[Python-Dev] PEP 561: Distributing and Packaging Type Information (original) (raw)

Ethan Smith ethan at ethanhs.me
Mon Oct 30 00:21:00 EDT 2017


On Fri, Oct 27, 2017 at 12:44 AM, Nathaniel Smith <njs at pobox.com> wrote:

On Thu, Oct 26, 2017 at 3:42 PM, Ethan Smith <ethan at ethanhs.me> wrote: > However, the stubs may be put in a sub-folder > of the Python sources, with the same name the *.py files are in. For > example, the flyingcircus package would have its stubs in the folder > flyingcircus/flyingcircus/. This path is chosen so that if stubs are > not found in flyingcircus/ the type checker may treat the subdirectory as > a normal package.

I admit that I find this aesthetically unpleasant. Wouldn't something like typestubs/ be a more Pythonic name? (And also avoid potential name clashes, e.g. my asyncgenerator package has a top-level export called asyncgenerator; normally you do 'from asyncgenerator import asyncgenerator'. I think that might cause problems if I created an asyncgenerator/asyncgenerator/ directory, especially post-PEP 420.)

I agree, this is unpleasant, I am now of the thought that if maintainers do not wish to ship stubs alongside their Python code, they should just create separate stub-only packages. I don't think there is a particular need to special case this for minor convenience.

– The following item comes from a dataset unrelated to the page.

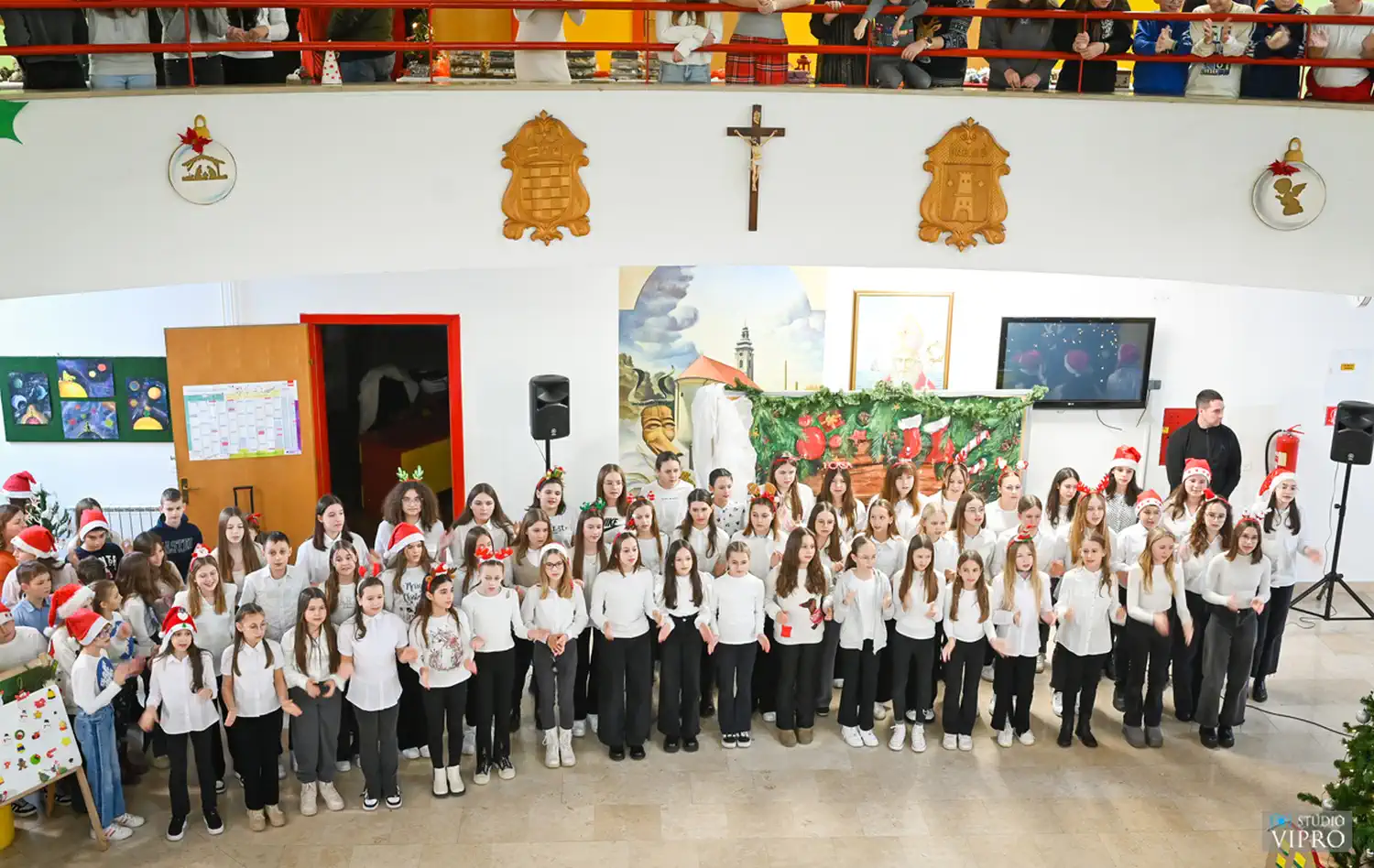 Osnovna škola Prelog donijela blagdanski ugođaj uz Božićni sajam (9)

> Type Checker Module Resolution Order > ------------------------------------ > > The following is the order that type checkers supporting this PEP should > resolve modules containing type information: > > 1. User code - the files the type checker is running on. > > 2. Stubs or Python source manually put in the beginning of the path. Type > checkers should provide this to allow the user complete control of which > stubs to use, and patch broken stubs/inline types from packages. > > 3. Third party stub packages - these packages can supersede the installed > untyped packages. They can be found at pkg-stubs for package pkg, > however it is encouraged to check the package's metadata using packaging > query APIs such as pkgresources to assure that the package is meant > for type checking, and is compatible with the installed version.

Am I right that this means you need to be able to map from import names to distribution names? I.e., if you see 'import foo', you need to figure out which *.dist-info directory contains metadata for the 'foo' package? How do you plan to do this? The problem is that technically, import names and distribution names are totally unrelated namespaces -- for example, the 'pytest' package comes from the 'pytest' distribution, the 'pylab' package comes from 'matplotlib', and 'pip install scikit-learn' gives you a package imported as 'sklearn'. Namespace packages are also challenging, because a single top-level package might actually be spread across multiple distributions. This is a problem. What I now realize is that the typing metadata is needed for packages and not distributions. I will work on a new proposal that makes the metadata per-package. It will require a slightly more complicated proposal, but I feel that it is necessary. Thank you for realizing this issue with my proposal, I probably should have caught it earlier.